IF you ask Filipinos why they want to work abroad, most, if not all, would say they would like to make more money so that they can provide a better life for their families in the Philippines. Clearly, our kababayan see overseas employment as a path to financial freedom.
Yet, I have personally witnessed how many of our overseas Filipino workers (OFWs) come home with little to show after decades of toiling abroad away from their loved ones. Some are even chronically mired in debt even though their salaries are twice or thrice that of most rank-and-file workers in the country. Apparently, for many of our migrant workers, financial freedom appears to be an elusive goal.
Financial advocates I’ve talked to say that this is because a majority of our OFWs are not financially literate. The statistics seem to support this view.

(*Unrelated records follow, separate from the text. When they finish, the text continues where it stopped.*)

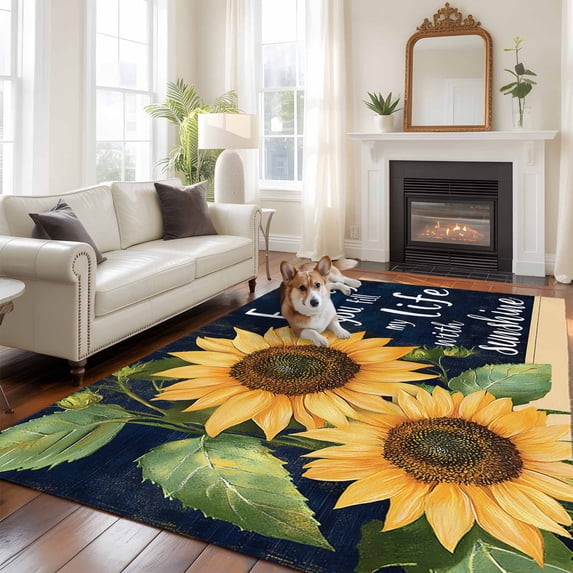 5'x8' Area Rugs, Sunflower Black Indoor Outdoor Area Rug for Living Room Bedroom, Vintage Yellow Floral Botanical Plant Washable Bathroom Rugs Kitchen Floor Carpet Mats Home Decor Aesthetic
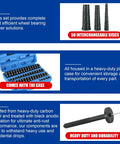 NYXOVA 52-in-1 bushing driver tool set with 50 discs in blue case; heavy-duty carbon steel components.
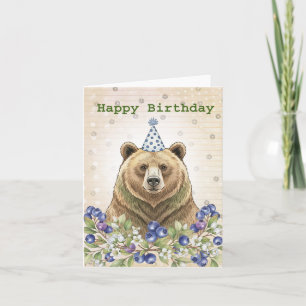 Cartão Gurily Bear com Blueberry Men Aniversário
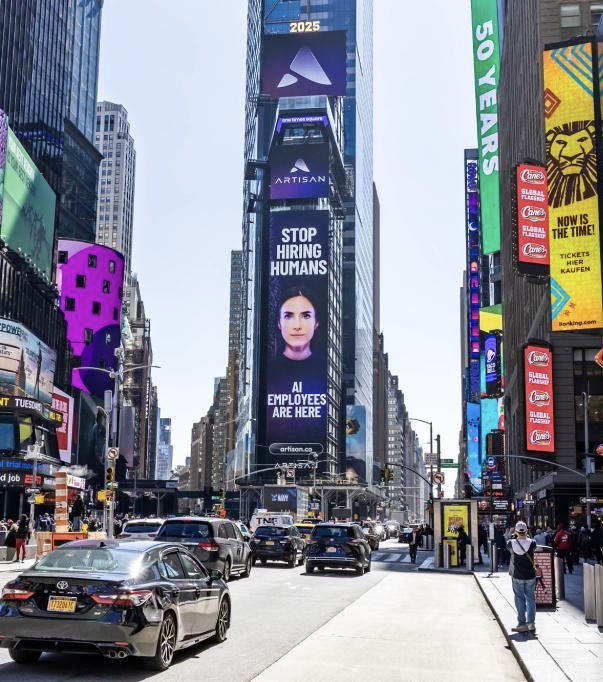 Haphtom's tweet image. Billboard in Times Square; “Stop Hiring Humans, AI employees are here.” 🤔
It seems the future of humanity is facing serious questions with the rise and rapid growth of AI.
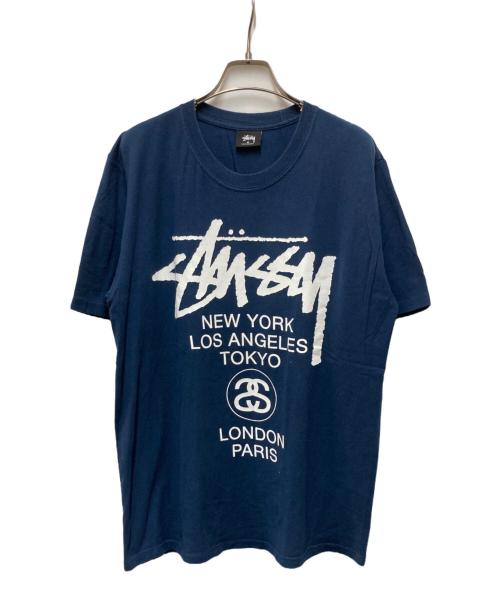 stussy（ステューシー）stussy (ステューシー) プリントTシャツ ネイビー サイズ:Mの古着・服飾アイテム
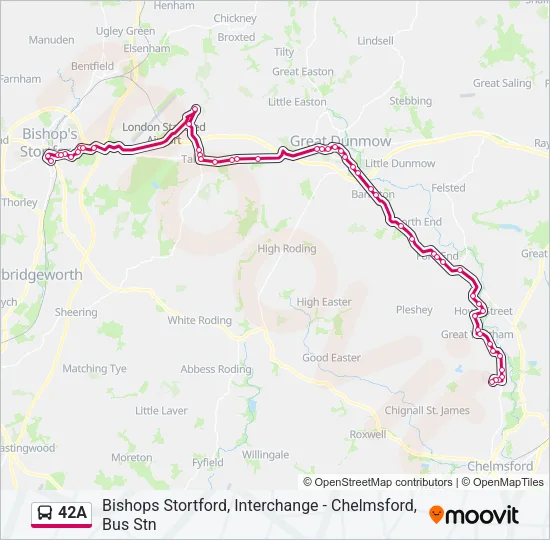 42A Bus Line Map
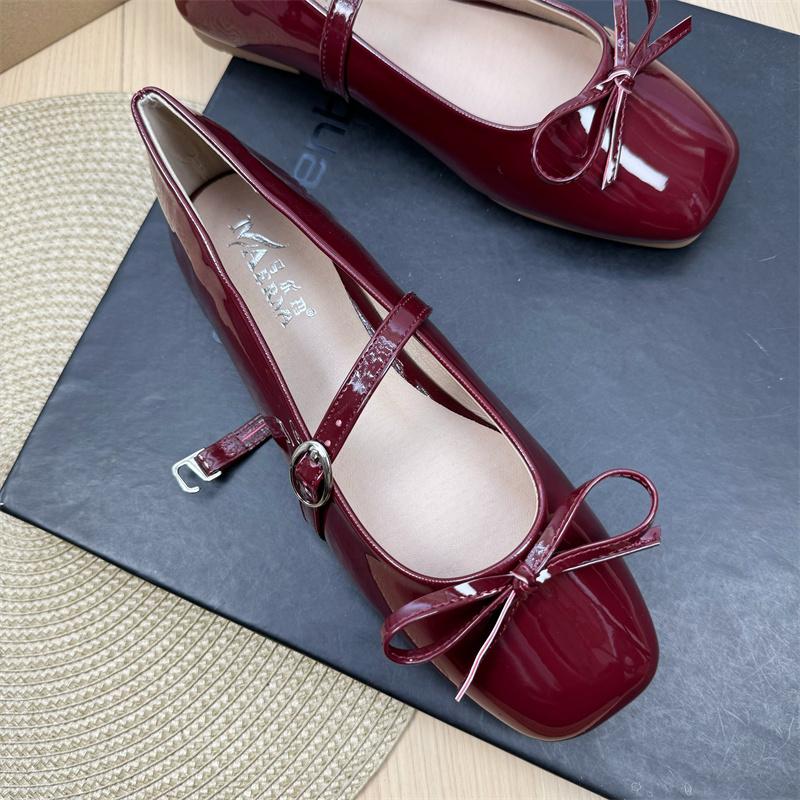 Fashion Flat Shoes for Women's Spring Autumn Square Toe Bow Mary Jane Shoes Women's Patent Leather Casual Women's Shoes Large Size 43 44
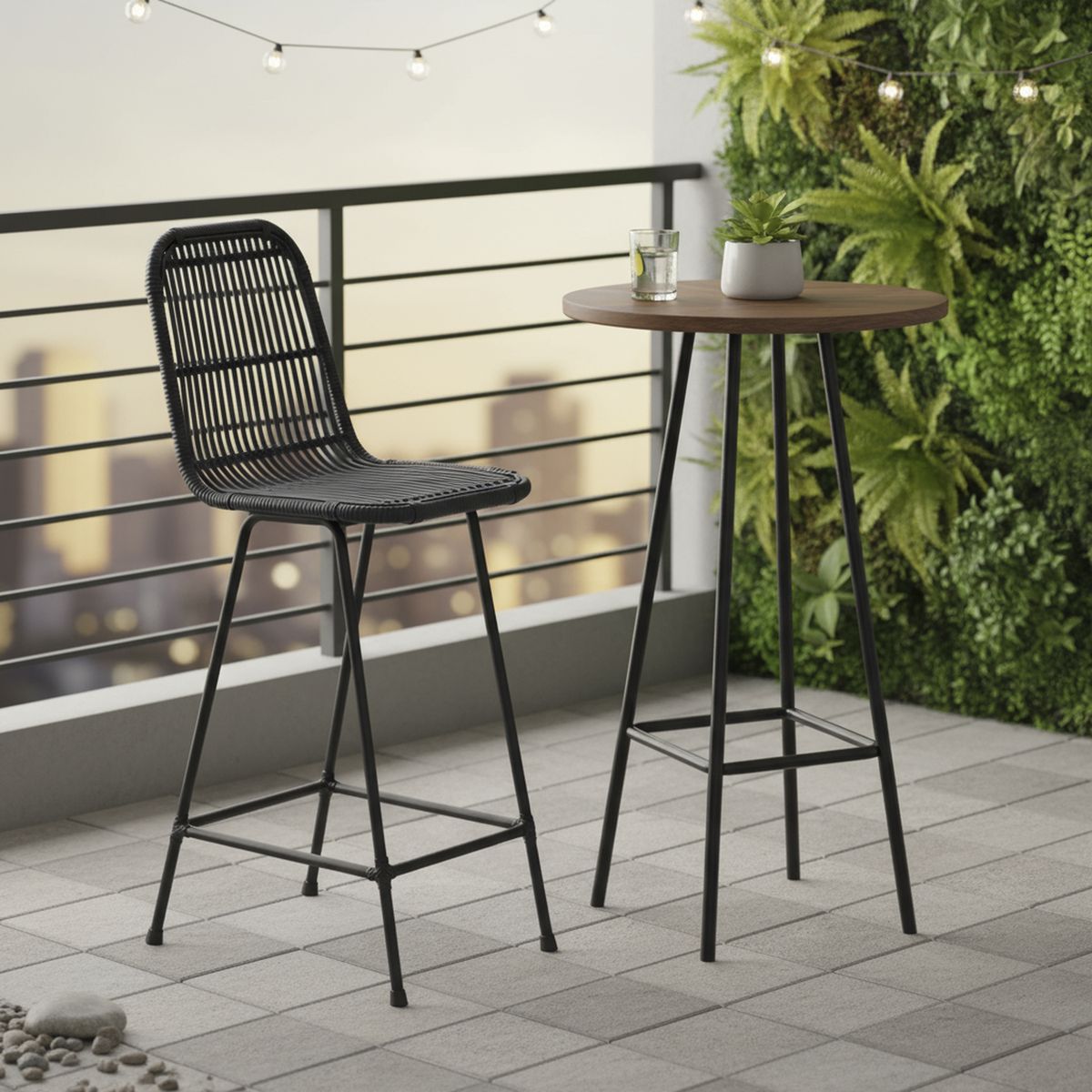 GENERICO - Taburete para Terraza Mimbre Varilla Negro 99x36x36 cm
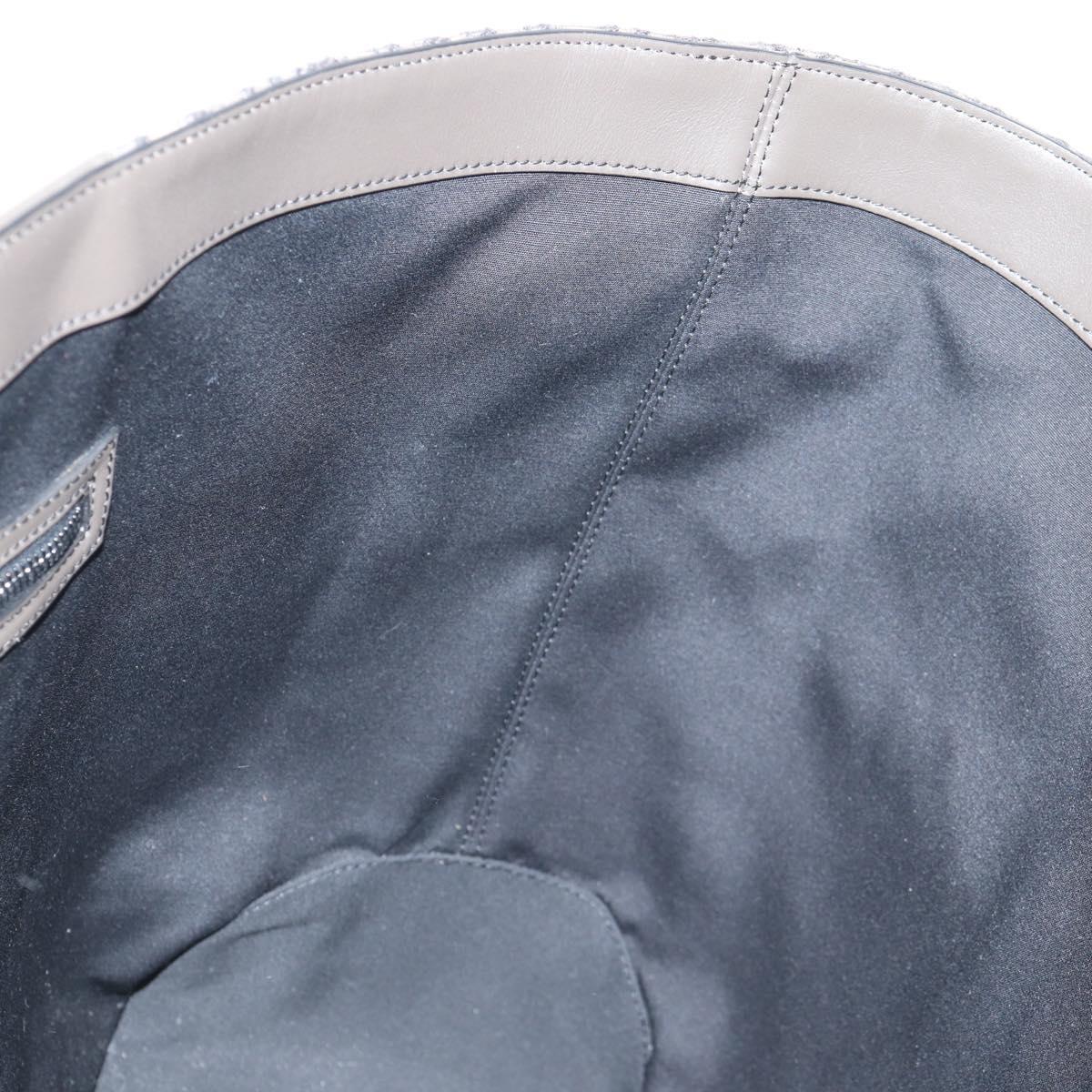 Christian Dior Tote Bag Trotter Canvas Gray Silver Auth bs24696SAM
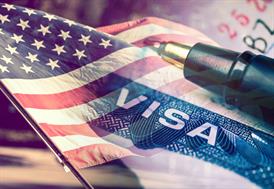 American flag, Visa and pen - Employment Immigration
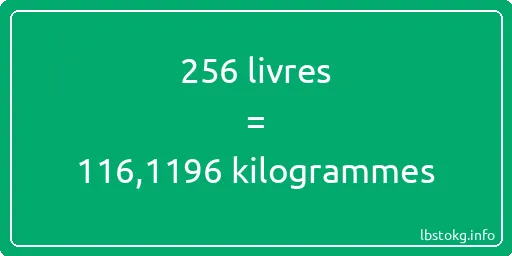 256 lbs à kg - 256 livres aux kilogrammes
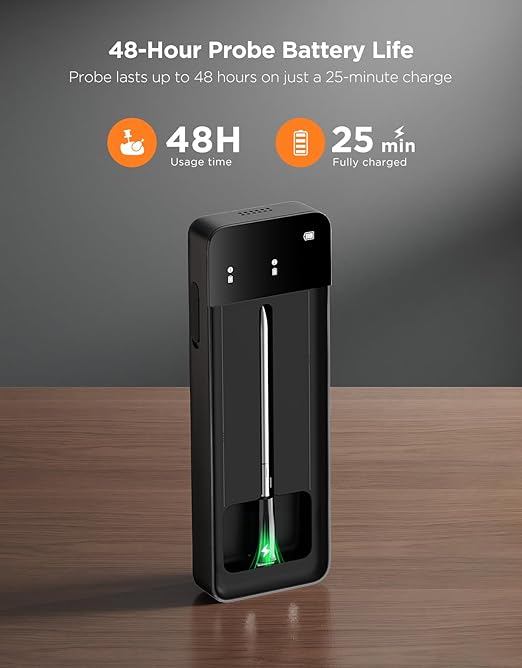 GoveeLife Bluetooth Wireless Meat Thermometer with Standalone Digital Base, WiFi Unlimited Range, ±1.8℉ Accuracy, IP68 Waterproof Real Time Monitoring Probes for Kitchen, BBQ, Grill, Oven, Smoker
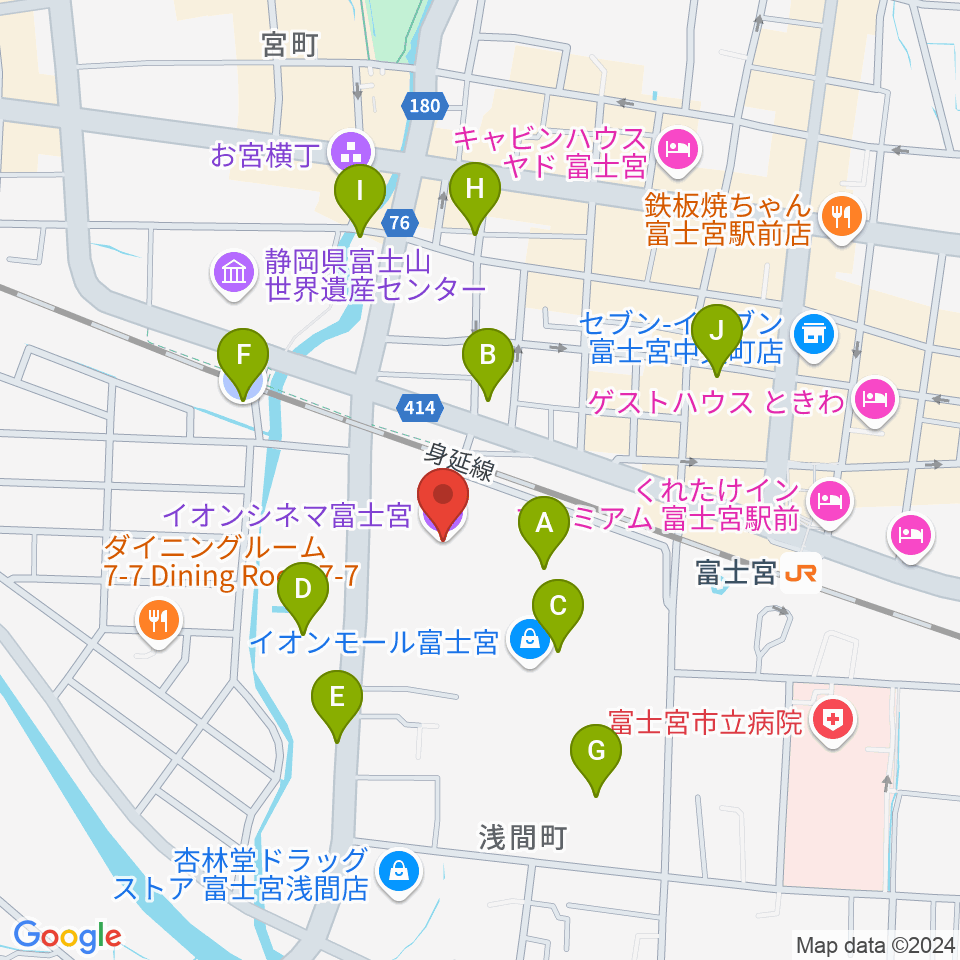 イオンシネマ富士宮周辺の駐車場・コインパーキング一覧地図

According to a 2016 Mastercard survey, the Philippines’ score and ranking in the financial literacy index declined four points from the previous year. Filipinos ranked 10th in terms of basic money management such as budgeting, saving and responsible credit usage, down seven places from its previous rank.
The country ranked 11th among 17 countries in the Asia-Pacific region based on financial planning, knowledge of financial products and services, and the ability to make long-term financial plans. The Philippines was at No. 12 when it came to investment knowledge, such as basic understanding of investment risks, investment products and investment skills.
Meanwhile, a Standard & Poor’s (S&P) Ratings Services survey found that only 1 in every 4 Filipino adults is financially literate. The Philippines was grouped with the West Bank and Gaza, Burundi, Bolivia, Honduras, Sierra Leone, Sudan, Kosovo, Nicaragua, Bangladesh, Kyrgyz Republic, Haiti, Tajikistan, Angola, Somalia, Afghanistan, Albania and Yemen, among others, in the bottom of the survey.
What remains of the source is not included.